World-Renowned Pianist Earl Wild Dies In Palm Springs
PALM SPRINGS – Earl Wild, a world-renowned classical pianist and leader of the Romantic revival, died at his home in Palm Springs at age 94.
He died Saturday of heart failure, his long-time partner, Michael Rolland Davis, said.
There will be no funeral, Davis said.
“He said have a party, that’s all I want,” Davis said.
Davis added that he is considering having a memorial service to honor Wild later this month.
Wild performed for six presidents, including John F. Kennedy at his 1961 inauguration.
He served as the musical director of the Palm Springs Desert Museum — now the Palm Springs Art Museum — during the 1970s.
In 1976, he organized the Palm Springs Desert Museum Piano Festival to showcase new international piano talent.
Wild was born on Nov. 26, 1915, in Pittsburgh, and began taking piano lessons when he was 4 years old.

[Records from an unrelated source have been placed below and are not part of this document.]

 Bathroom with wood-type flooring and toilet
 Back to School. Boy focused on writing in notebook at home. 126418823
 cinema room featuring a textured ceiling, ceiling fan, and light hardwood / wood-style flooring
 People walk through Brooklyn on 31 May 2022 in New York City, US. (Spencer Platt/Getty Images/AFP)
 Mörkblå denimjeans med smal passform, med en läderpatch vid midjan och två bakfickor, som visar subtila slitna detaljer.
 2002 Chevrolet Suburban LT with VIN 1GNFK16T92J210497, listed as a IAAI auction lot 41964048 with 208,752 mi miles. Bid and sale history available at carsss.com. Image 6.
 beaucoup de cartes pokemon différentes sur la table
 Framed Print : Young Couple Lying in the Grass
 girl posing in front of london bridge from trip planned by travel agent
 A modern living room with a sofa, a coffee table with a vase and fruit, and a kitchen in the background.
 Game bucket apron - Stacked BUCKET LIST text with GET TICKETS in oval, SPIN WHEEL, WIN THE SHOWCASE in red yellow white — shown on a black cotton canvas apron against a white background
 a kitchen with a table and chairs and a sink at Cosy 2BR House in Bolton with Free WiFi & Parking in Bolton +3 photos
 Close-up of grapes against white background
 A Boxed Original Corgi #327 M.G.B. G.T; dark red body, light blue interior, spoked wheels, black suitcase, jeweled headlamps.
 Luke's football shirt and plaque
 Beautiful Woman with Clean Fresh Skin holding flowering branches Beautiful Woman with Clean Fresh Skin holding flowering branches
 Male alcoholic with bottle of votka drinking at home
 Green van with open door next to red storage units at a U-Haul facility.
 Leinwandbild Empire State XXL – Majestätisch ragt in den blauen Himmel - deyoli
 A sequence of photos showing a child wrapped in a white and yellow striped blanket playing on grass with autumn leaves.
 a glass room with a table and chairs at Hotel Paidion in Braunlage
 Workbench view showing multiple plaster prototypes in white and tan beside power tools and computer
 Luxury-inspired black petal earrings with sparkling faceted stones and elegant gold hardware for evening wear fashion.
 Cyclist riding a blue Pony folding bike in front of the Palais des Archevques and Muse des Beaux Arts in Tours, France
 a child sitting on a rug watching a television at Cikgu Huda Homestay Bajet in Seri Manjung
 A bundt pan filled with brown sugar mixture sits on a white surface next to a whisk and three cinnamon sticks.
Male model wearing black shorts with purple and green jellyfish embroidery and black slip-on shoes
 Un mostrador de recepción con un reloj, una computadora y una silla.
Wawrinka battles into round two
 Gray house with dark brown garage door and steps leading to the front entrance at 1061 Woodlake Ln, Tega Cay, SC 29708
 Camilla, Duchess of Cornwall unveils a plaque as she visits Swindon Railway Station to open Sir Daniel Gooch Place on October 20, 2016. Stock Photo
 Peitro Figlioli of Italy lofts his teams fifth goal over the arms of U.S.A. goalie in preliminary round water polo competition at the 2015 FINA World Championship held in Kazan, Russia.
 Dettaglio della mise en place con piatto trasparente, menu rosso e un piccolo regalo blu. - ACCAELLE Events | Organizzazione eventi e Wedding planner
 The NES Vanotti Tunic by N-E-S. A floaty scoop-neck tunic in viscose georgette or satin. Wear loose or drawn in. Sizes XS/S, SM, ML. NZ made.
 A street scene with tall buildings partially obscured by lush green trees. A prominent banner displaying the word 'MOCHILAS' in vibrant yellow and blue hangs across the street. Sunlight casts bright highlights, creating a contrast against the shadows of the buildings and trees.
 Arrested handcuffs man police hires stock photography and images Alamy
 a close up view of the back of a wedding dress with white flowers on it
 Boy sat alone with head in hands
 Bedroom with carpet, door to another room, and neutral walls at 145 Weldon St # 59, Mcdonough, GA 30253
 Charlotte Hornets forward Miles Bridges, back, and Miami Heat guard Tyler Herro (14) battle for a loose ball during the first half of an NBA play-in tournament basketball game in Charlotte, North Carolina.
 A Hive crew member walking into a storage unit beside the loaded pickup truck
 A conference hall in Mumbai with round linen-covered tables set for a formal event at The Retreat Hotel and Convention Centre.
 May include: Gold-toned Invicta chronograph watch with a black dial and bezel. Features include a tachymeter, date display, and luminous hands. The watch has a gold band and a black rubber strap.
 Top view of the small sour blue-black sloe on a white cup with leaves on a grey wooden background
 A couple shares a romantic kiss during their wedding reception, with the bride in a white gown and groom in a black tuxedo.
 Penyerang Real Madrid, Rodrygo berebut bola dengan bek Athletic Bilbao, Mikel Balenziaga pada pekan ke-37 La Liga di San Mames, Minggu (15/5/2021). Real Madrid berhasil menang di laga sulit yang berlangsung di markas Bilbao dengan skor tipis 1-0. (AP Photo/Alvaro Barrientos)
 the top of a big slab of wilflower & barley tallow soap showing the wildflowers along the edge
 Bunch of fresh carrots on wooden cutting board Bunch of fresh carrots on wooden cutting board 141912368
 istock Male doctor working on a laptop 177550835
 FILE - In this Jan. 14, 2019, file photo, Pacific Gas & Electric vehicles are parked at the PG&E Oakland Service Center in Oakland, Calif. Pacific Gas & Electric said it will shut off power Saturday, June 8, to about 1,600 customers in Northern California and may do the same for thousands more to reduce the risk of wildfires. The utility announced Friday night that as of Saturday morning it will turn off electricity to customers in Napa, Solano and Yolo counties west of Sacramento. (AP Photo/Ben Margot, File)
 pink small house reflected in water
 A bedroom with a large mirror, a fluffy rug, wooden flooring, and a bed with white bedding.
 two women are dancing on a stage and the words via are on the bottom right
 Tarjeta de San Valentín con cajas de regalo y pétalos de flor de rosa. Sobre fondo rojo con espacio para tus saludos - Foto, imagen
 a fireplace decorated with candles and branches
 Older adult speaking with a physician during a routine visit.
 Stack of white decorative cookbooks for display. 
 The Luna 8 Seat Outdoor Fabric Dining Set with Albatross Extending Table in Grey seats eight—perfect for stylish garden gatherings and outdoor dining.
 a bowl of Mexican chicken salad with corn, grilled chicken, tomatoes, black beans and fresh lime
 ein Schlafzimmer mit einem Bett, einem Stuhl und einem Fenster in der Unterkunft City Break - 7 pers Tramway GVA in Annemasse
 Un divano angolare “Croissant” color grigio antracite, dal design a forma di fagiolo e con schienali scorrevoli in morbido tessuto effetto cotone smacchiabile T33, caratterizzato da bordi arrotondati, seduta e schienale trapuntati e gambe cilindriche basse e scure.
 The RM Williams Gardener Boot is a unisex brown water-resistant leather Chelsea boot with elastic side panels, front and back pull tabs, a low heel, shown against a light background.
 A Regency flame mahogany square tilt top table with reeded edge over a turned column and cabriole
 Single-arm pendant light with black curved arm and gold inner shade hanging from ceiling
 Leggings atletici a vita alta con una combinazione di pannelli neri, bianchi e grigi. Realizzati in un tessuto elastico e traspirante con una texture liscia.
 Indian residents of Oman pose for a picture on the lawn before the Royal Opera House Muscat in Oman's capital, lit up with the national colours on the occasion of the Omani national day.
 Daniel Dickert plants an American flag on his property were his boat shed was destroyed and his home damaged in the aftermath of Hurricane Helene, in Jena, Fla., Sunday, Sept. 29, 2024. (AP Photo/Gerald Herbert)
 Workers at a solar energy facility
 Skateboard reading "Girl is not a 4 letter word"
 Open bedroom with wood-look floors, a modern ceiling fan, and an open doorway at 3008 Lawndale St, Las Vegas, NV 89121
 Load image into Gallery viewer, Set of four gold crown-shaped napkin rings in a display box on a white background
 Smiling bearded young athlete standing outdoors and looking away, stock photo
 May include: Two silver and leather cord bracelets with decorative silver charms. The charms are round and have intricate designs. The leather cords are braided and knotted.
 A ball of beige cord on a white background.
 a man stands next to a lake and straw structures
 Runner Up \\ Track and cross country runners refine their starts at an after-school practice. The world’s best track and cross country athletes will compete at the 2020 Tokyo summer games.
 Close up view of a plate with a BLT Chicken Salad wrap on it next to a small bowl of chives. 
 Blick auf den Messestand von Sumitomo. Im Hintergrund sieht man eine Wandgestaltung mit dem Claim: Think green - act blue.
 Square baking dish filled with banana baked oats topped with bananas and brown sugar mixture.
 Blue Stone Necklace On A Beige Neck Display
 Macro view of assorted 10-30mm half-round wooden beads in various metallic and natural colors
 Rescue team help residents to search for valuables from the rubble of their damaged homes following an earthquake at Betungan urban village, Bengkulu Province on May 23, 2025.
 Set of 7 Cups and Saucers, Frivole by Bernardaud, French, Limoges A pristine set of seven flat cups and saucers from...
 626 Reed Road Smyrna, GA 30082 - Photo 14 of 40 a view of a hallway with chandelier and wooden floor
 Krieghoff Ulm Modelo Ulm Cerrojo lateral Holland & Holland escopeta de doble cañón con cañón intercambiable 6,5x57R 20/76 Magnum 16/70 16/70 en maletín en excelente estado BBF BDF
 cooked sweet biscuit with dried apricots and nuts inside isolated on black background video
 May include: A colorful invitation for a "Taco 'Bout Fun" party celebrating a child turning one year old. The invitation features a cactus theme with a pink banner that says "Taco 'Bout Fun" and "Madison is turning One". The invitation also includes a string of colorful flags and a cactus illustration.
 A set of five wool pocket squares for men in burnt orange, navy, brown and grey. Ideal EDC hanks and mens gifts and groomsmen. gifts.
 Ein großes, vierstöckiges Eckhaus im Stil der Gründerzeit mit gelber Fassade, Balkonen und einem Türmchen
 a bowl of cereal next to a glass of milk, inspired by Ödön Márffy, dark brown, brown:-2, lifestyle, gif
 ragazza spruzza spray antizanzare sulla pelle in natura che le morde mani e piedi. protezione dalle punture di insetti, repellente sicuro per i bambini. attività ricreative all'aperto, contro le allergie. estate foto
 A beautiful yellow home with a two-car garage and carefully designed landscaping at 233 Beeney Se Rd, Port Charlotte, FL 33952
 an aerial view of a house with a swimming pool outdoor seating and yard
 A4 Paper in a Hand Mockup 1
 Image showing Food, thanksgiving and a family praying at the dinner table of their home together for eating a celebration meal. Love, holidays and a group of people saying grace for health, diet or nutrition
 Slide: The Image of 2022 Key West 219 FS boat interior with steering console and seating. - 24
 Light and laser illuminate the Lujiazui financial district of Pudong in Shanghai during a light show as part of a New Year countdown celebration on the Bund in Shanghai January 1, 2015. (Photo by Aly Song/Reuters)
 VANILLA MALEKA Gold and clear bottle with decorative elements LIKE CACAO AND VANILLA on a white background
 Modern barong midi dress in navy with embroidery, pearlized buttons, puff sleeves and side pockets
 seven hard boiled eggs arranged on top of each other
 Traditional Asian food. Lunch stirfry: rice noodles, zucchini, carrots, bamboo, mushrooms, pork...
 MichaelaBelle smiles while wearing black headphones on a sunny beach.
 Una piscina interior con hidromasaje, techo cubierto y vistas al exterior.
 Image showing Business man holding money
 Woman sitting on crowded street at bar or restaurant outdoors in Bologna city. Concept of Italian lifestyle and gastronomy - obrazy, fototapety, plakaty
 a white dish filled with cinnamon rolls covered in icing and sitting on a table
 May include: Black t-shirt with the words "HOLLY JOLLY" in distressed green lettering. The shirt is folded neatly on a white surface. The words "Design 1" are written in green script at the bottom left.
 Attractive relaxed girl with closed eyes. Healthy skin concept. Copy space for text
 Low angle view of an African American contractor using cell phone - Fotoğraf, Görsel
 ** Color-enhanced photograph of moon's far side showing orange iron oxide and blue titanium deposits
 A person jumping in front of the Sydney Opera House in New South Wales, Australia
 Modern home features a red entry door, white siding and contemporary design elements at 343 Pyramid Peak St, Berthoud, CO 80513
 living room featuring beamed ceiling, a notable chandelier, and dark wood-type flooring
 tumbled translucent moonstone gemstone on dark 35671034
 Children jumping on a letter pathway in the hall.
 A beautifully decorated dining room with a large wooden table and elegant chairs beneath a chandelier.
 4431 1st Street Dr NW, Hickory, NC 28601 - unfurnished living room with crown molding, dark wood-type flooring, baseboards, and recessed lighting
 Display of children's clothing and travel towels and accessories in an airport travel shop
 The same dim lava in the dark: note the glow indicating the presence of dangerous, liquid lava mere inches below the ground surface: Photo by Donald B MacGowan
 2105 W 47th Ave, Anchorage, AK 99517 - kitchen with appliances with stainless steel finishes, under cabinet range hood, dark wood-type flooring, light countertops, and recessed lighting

When he was 12, he studied under a protege Franz Liszt, who helped create the Romantic movement in music.
Wild began giving radio recitals in Pittsburgh when he was 12 and began playing with the Pittsburgh Symphony when he was 14.
He learned to play numerous other instruments at Carnegie Tech — now Carnegie Mellon University — including cello, bass and flute. During World War II, he was a flutist in the U.S. Navy Band and a pianist in the Navy Orchestra, which performed the Star Spangled Banner before some of Eleanor Roosevelt’s speeches.
In 1937, he joined the NBC network as a staff pianist, and in 1939 he became the first pianist to give a recital on television. After he left the Navy in 1944, be became a staff pianist, conductor and composer at ABC, a position he held until 1968.
In the following years, he toured and recorded prolifically. Many of his recordings are available on his own imprint, Ivory Classics. He also taught at the Eastman School of Music, Penn State University, Ohio State University, Carnegie Mellon, the Manhattan School of Music and the Juilliard School.
His last performance was at the Walt Disney Concert Hall in Los Angeles on Feb. 5, 2008, when he was awarded the President’s Merit Award by the National Academy of Recording Arts and Sciences.
Before he passed away he was writing his memoirs, which are to be published later this year by Carnegie Mellon Press, Davis said.